* [To do]:
Under this line are the records; write out word for word the part that begins at the line containing "Go Anywhere Heavy" and ends at the line containing "Unique artist workspace", and no more.

* [Supplied material]:
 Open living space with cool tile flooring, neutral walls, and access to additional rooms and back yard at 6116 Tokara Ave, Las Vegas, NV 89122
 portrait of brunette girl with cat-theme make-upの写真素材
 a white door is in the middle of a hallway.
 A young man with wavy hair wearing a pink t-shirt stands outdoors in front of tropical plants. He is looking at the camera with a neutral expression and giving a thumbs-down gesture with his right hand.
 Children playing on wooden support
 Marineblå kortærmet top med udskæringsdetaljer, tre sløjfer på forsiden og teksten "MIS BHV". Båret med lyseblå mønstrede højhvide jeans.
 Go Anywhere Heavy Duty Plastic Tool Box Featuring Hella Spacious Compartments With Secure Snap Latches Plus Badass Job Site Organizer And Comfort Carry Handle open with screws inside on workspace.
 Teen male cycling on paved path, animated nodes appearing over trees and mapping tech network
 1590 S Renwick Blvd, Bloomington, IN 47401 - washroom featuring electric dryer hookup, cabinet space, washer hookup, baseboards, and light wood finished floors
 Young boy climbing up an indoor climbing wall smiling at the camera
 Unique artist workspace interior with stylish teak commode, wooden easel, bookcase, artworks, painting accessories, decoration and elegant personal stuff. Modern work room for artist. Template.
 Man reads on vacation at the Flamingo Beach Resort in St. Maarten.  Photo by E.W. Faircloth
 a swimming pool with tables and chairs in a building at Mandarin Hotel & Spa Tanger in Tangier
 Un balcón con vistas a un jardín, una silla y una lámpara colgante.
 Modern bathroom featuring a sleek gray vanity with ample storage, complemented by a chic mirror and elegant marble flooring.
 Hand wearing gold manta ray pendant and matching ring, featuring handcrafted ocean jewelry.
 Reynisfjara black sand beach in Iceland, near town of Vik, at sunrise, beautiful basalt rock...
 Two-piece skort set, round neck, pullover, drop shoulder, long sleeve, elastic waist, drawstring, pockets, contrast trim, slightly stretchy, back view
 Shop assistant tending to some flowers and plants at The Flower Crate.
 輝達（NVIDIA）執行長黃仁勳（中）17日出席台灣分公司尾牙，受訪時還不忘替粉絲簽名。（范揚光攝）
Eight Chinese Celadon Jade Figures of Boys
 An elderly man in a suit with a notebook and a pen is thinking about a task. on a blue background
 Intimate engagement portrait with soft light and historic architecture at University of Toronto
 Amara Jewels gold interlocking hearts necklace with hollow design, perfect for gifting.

* [Solved exercise]:
 Go Anywhere Heavy Duty Plastic Tool Box Featuring Hella Spacious Compartments With Secure Snap Latches Plus Badass Job Site Organizer And Comfort Carry Handle open with screws inside on workspace.
 Teen male cycling on paved path, animated nodes appearing over trees and mapping tech network
 1590 S Renwick Blvd, Bloomington, IN 47401 - washroom featuring electric dryer hookup, cabinet space, washer hookup, baseboards, and light wood finished floors
 Young boy climbing up an indoor climbing wall smiling at the camera
 Unique artist workspace interior with stylish teak commode, wooden easel, bookcase, artworks, painting accessories, decoration and elegant personal stuff. Modern work room for artist. Template.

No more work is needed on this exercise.